Photo by B. A. Nilsson |
The painting from the LSU Museum, “Sugar Cane Harvest, 1937,” is by Swedish-born artist Knute Heldner (1877-1952), created seventy years ago under the aegis of the Works Progress Administration. It’s an attractive piece, or so it seems at first: A wide, impressionist view of a plantation field includes a distant sugar factory, and, like an altarpiece, the view is flanked by a closer view of nameless African-American harvesters toiling in the field. Its seeming innocence teems with irony from a contemporary standpoint, but I suspect the more enlightened of its original viewers could see that as well.
Artifacts adjoin the paintings, showing us the elegance of 19th-century service in the form of spoon, tongs, caster (for granulated sugar service), and even a 20th-century cube server. Alongside is a rugged wooden box and cutting knife for dealing with the stuff in its rawer form. A 19th-century kettle reminds us of the intricate processing required before evaporative technology arrived, and Jessica Halonen’s “Confectionary Units” abstracts the issue into 69 two-pound cubes, constructed of sugar, adding up to what’s recommended as her ideal weight.
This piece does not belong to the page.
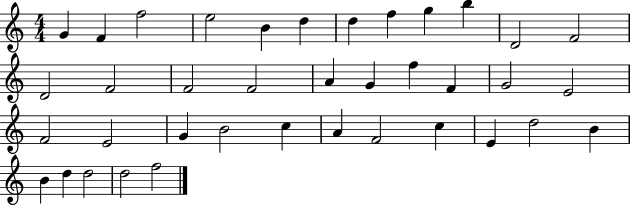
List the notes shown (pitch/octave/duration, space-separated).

G4/q F4/q F5/h E5/h B4/q D5/q D5/q F5/q G5/q B5/q D4/h F4/h D4/h F4/h F4/h F4/h A4/q G4/q F5/q F4/q G4/h E4/h F4/h E4/h G4/q B4/h C5/q A4/q F4/h C5/q E4/q D5/h B4/q B4/q D5/q D5/h D5/h F5/h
There’s a small bookshelf in an alcove sporting a number of sugar-related titles, from the scholarly to the incendiary (and sometimes simultaneously both). Among them is the book that first opened my eyes to the dangers of refined sugar: William Dufty’s Sugar Blues.
Goodwin also has a history with that book. “I picked it up about ten years ago and it fascinated me – it’s such muckraking prose. He knew that he was on to something, and he was on to something, and then the book did a kind of deep dive into oblivion. But now, especially with the type-2 diabetes epidemic, people are sitting up and saying, ‘Whoa. We have a massive problem here.’ I’ve been astonished to learn, since we’ve done this show, how many people in my circle have type-2 diabetes. One of the gallery monitors has it, and she has to stand there and smell that sugar all day long. It’s real.”
Photo by B. A. Nilsson |
Jaquette’s painting, from 1997, is titled “Two Tiered Cookie Platter,” and presents a compellingly realistic view of a dessert presentation – but a carefully lettered caption below the platter reads, “To Inhale the Scent of Your Skin as I Kiss the Nape of Your Neck.”
“The other artist I wanted,” Goodwin continues, “was Kara Walker. She’s the point person for the way that the sugar industry is connected with slavery. Walker created a display at the former Domino Sugar factory in Brooklyn, in which she constructed a massive Sugar Sphinx. In our exhibition there’s this five-foot-tall brown-sugar-and-molasses child, which is one of the many tiny figures that surrounded her eighty-ton sphinx. People said it was awe-inspiring – and chilling, because of all the racist stereotypes it portrays. She dedicates it to sugar laborers. There’s an interesting texturing of the historic past of slavery with the recent past of the sugar factory, because there was a protracted strike at the Domino factory that ended in 1997, and they decided to close the factory. She put the exhibition up in 2014 after working on it for about five years and Domino provided all the sugar for it!”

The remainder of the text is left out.